Looks good. The patch is really trivial so I don't want to make big deal out of the test.

However, I would like to continue the discussion started in the patch description, as I think it would be very useful if we could figure out a way to make this test (and others) cross-platform, so we don't have to have two versions of all of them. I'm going to start by asking a couple of questions, just so I understand the problem better.

You say that the issue is the lack of symtab in the "msvc" mode. What makes this test work then? Do some of the assembler directives (.def?) produce some sort of debug info entries?

What determines the modes that clang is operating in? Is it the default target triple?

What does -Wl,-debug:symtab actually produce? Would it make sense to make it a part of the %clang_host substitution (only for the msvc mode) to make the output of %clang_host more uniform? Or maybe achieve equivalence in some other way (add -g1, or similar, to the cmd line)?

This revision is now accepted and ready to land.Jul 11 2022, 2:55 AM

You say that the issue is the lack of symtab in the "msvc" mode. What makes this test work then?

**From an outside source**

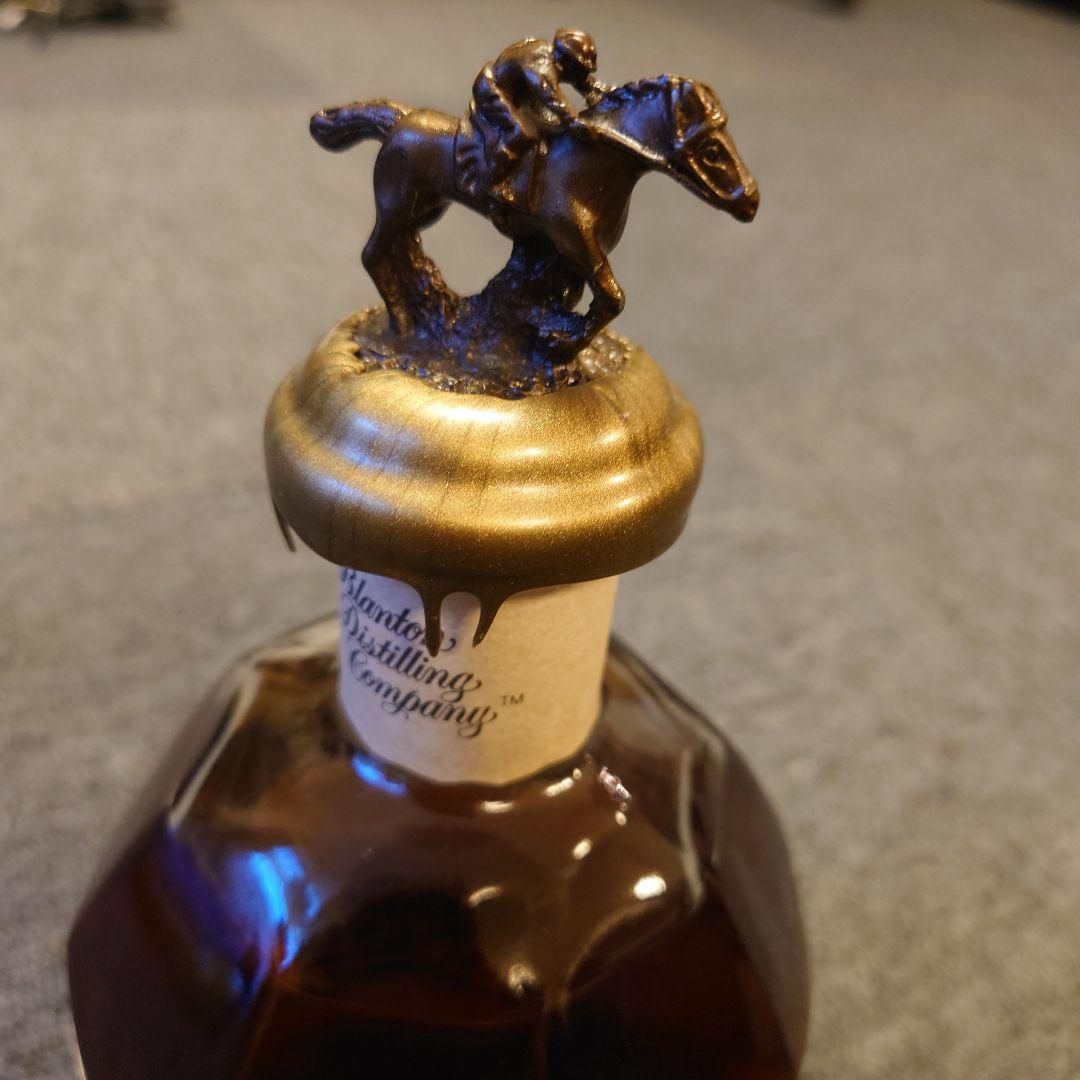 ウイスキー Kentucky Straight Bourbon 750ml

When invoked via the %build python script (lldb/test/Shell/helper/build.py), clang is invoked with extra options (/Z7) that generate codeview debug info, and then later the linker is invoked with extra options (/DEBUG:FULL and '/PDB:' + self._pdb_file_name())) to write that codeview debug info into a separate standalone PDB file.

In the MSVC ecosystem, executables/DLLs never have embedded debug info - it's always in a separate PDB file. Contrary to the GCC-compatible ecosystem, debug info is opt-in here, not opt-out (e.g. if linking with a unix linker, you get the symbol table and debug info included automatically unless you pass -Wl,-s or strip things separately afterwards). In the MSVC ecosystem, the only way to have a symbol table (without actual dwarf debug info) is with a PDB file.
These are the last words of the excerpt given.